EMPAC Program Affected by President Trump’s Visa Directive

February 3, 2017

In the coming months, EMPAC had planned to hold two distinct events with Iranian artists: a concert and an artist residency including a student workshop. As a result of President Trump’s executive order preventing travel to the US from a number of countries, we will not be able to obtain the necessary artist visas for either event.

Iranian hand drummer Mohammad Reza Mortazavi was scheduled to perform in the EMPAC Concert Hall on March 3. He is considered one of the best Tombak players in the world, the Tombak being considered the principal percussion instrument of Persian music. At the age of 9, he won first prize in the prestigious Iranian Tombak competition, and continued this streak for another 6 years.

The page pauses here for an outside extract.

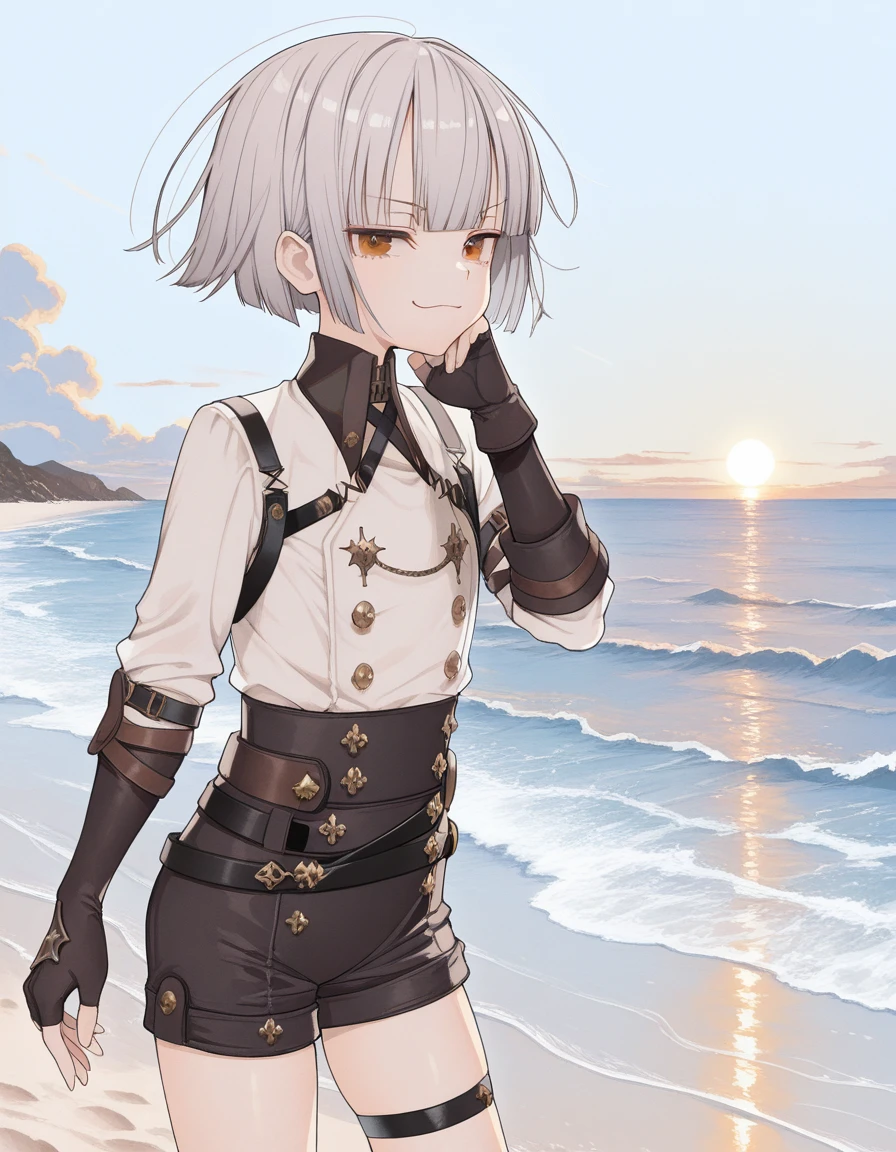 masterpiece, best quality, amazing quality,, <lora:towatsugai-suzume-illustriousxl-lora-nochekaiser:1>, suzume, short hair, bangs, brown eyes, grey hair, androgynous,, shirt, gloves, long sleeves, white shirt, shorts, black gloves, collared shirt, belt, fingerless gloves, thigh strap, black shorts, single glove, head rest, smug, beach, sand, waves, sun, ocean, cowboy shot, solo, looking at viewer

He has developed over 30 new striking and finger techniques and revolutionized the traditional way of playing–something that has not always been appreciated by the old masters. Since moving to Berlin in 2001, he has performed across the world.

Also from Iran, Ali Moini is a France-based choreographer and performer who works with digital projection and interaction, as well as objects ranging from knives to magnets. The artist uses these media as extensions of his body to tell stories and question physical boundaries. For Rensselaer’s new Summer Arch program, Moini was scheduled to hold a two-day workshop for students focusing on movement and Kinect technology. EMPAC also planned to host him for a second residency and performance this coming fall. Moini has shown his work at New York Live Arts as a part of FIAF's annual fall arts festival, along with many festivals and venues including Festival d'Automne Paris, Montpellier Danse, Théâter National de Chaillot Paris, Théâter de la Cité international in Paris, and Villa Stuck in Munich.

Artists from all over the world have developed and presented new works at EMPAC. Over more than 10 years of programming, EMPAC has contributed to Rensselaer's objective of cultural and intellectual diversity and inclusiveness as a major part of the university's educational goals. EMPAC's events, lectures, residencies, and workshops have opened the aperture for a nexus of technological, aesthetic, cultural, and political perspectives and positions on our campus. We will continue to pursue this programming, which has resulted in high student and community engagement.

As the current political situation continues to unfold, we will plan a creative alternative to the scheduled concert on March 3 and a new approach for the summer workshop.